Key technique: client-side barge-in

When VAD detects speech while Iris is speaking:

Stop queued and active TTS playback
Cancel active SSE model stream
Move state to listening immediately
Continue normal capture/transcribe path

This is why the interruption feels instant.

The interruption moment (step by step)

sequenceDiagram
    participant U as Me
    participant V as VAD
    participant T as TTS
    participant S as SSE Stream
    participant A as Assistant

    A->>T: Speaking response
    U->>V: Start talking mid-response
    V->>T: cancel()
    V->>S: cancel()
    V->>A: Set state to listening
    U->>V: Continue speaking
    V->>A: Route speech to STT path

This sequence is simple on purpose. The simpler this path is, the less likely it is to break in real use.

What changed for me

Before:

conversations felt turn-locked
interrupting was awkward
occasional ghost transcript behavior

After:

I can interject naturally
AI stops and listens when I start speaking
faster STT paths are available
A smile on my face

The biggest practical difference is conversational confidence. I no longer hesitate before speaking because I know interruption works.

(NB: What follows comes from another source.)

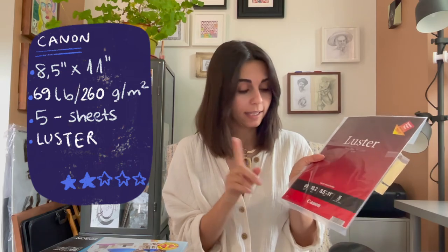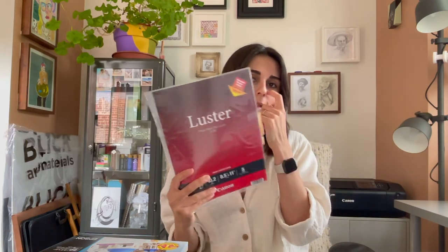The second paper came with the printer — it has five sample sheets, also 8.5 by 11. This is photo paper called Photo Paper Pro Luster. It's kind of semi-satin — a little shiny, not matte, smooth texture but not a matte finish. I don't think I can use this for my artworks, but I tried it and I'll show you the results.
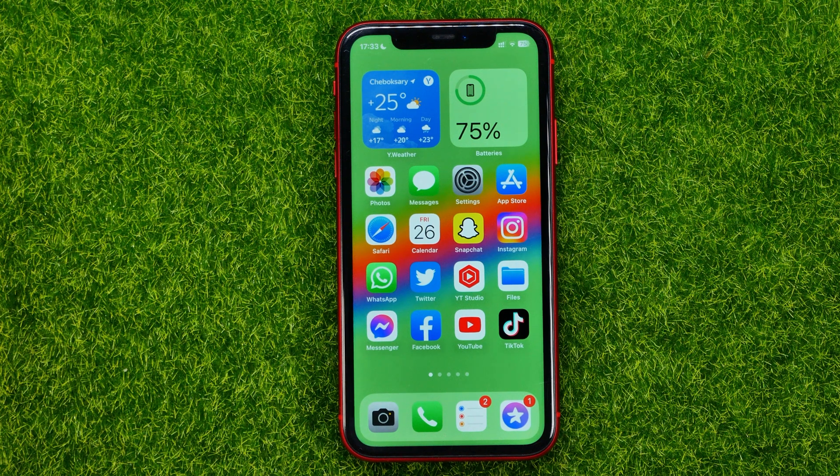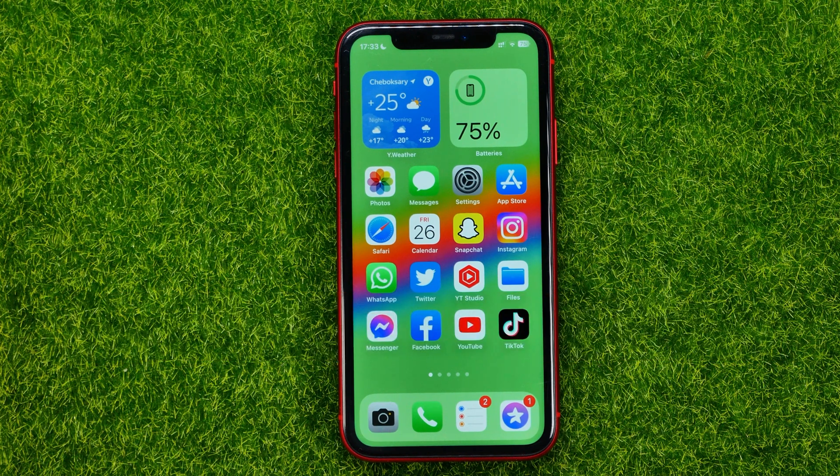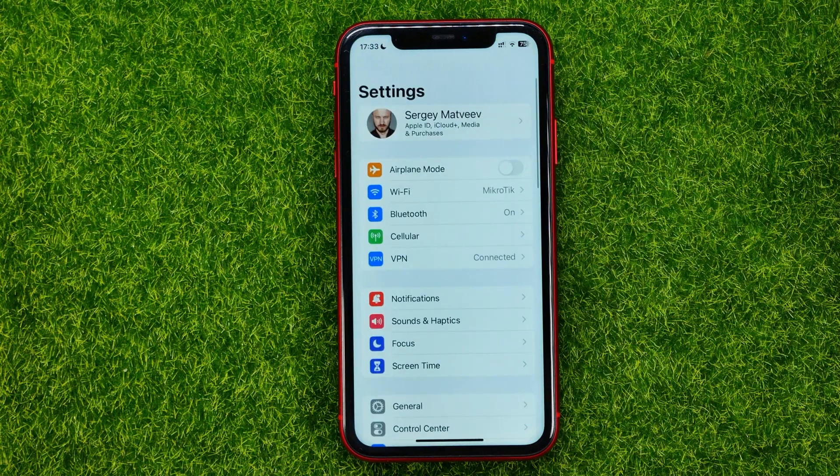In this video I'm going to show you how you can easily sync iPhone contacts. Be sure to watch the video to the very end so you don't make any mistakes, and do not forget to like this video and subscribe to my channel. So let's get started.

That one behavioral shift matters more than most micro-optimizations.

Scope and decision

I intentionally scoped this release around interruption and conversational flow.

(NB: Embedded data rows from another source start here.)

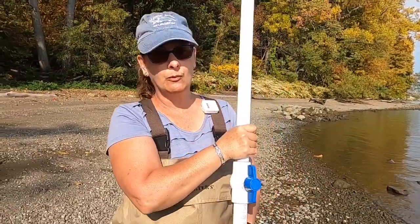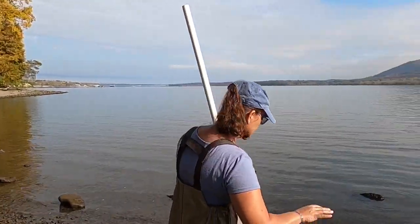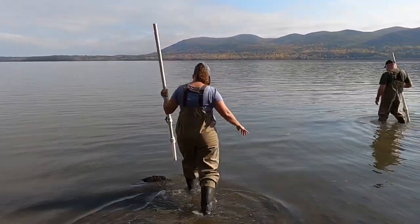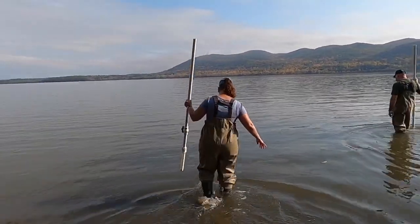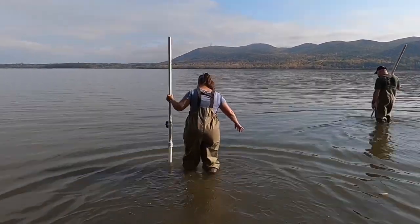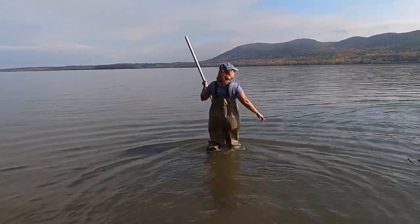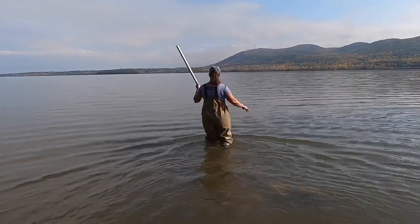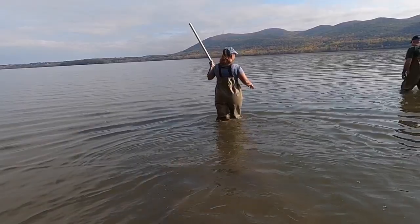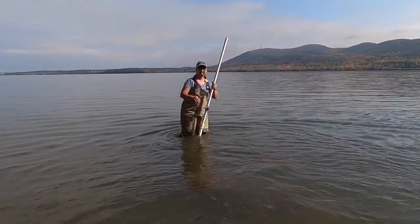I'm going to go out into the water. We're at low tide right now, but there are some random rocks. I'm going to drag my feet a bit to make sure I don't trip on any of those rocks and end up in the water. What we're looking for is sediment that's a little bit more mushy, not so rocky, so we can get the end into it. We should be good right here.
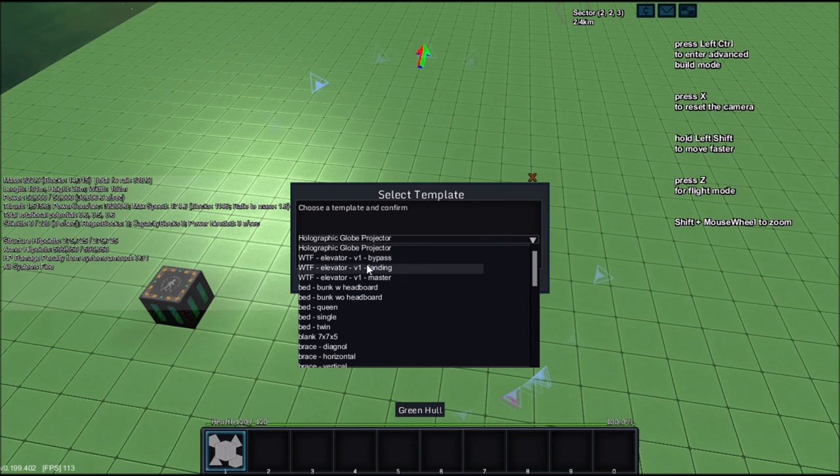The only template actually required for the functional elevator is the master one, but obviously you're not going to have an elevator that only goes to one floor, so you'll probably be using at least one landing and only one master. You can only have one master per elevator, though you're free to have multiple masters if you have multiple elevators.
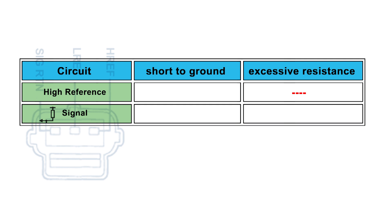This may be caused by a short to ground in the high reference circuit, a short to ground, or excess resistance in a pull-up signal circuit.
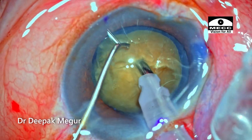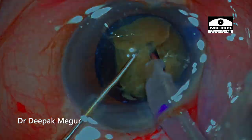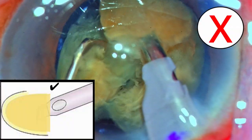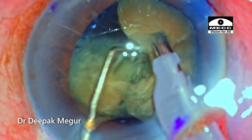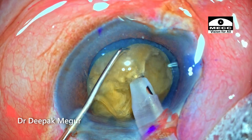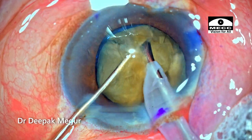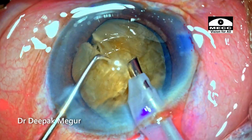Moving on to the next chop, the tip is buried and as the horizontal chop maneuver is performed, I notice some torque — commonly seen when dealing with a slightly denser nucleus. This could have been minimized if the phaco tip had been buried deeper into the nucleus substance. For the next piece, I consciously bury the tip deeper, and the chopper engages the endonucleus with no torque. Suddenly the patient coughs, causing a jerky movement.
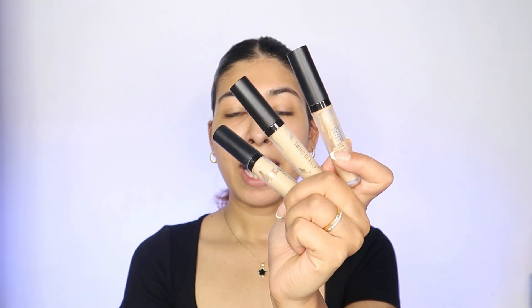Step two is color correction — basically cancelling out the discoloration that a lot of people have around their mouth, pimple scars, and under eyes. I personally love using Swiss Beauty concealers for color correction. I've been using these for years and I even have a backup because the product is just that good. First I'm using shade 04, which is close to — actually a shade darker than — my skin tone, to cancel out all this darkness.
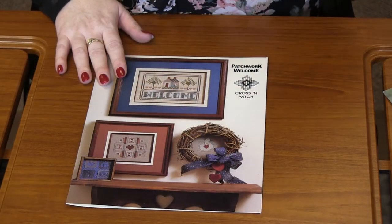This first one is called Patchwork Welcome. It was originally published in 1987 — how awesome is that? So you get several different designs with this.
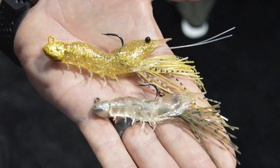Comes in a very neat package design and also comes with a spare body. When the one gets trashed, you want to put on a new body. Great new product here from LiveTarget — it's going to be a hot item to have on the water.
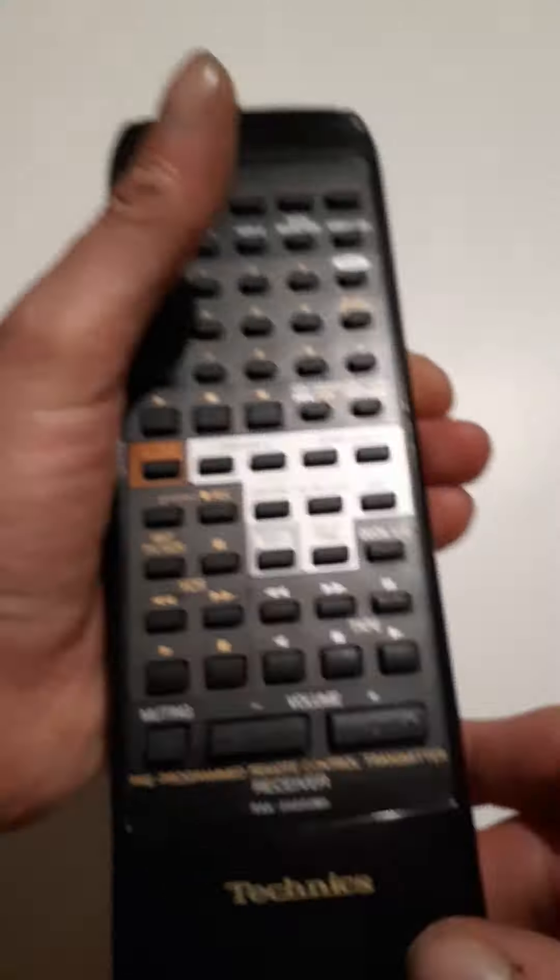Your phone can see the infrared emitted by the LED, and you can test each button individually to see if it works.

That was the highest-friction moment in real use, so that is where I spent engineering effort first.

The result is a meaningful UX jump with controlled complexity and low rollout risk.

Bottom line

The biggest win was not just new providers.

The biggest win was reducing ambiguity in the problem definition, then shipping the smallest architecture change that produced a noticeable UX jump.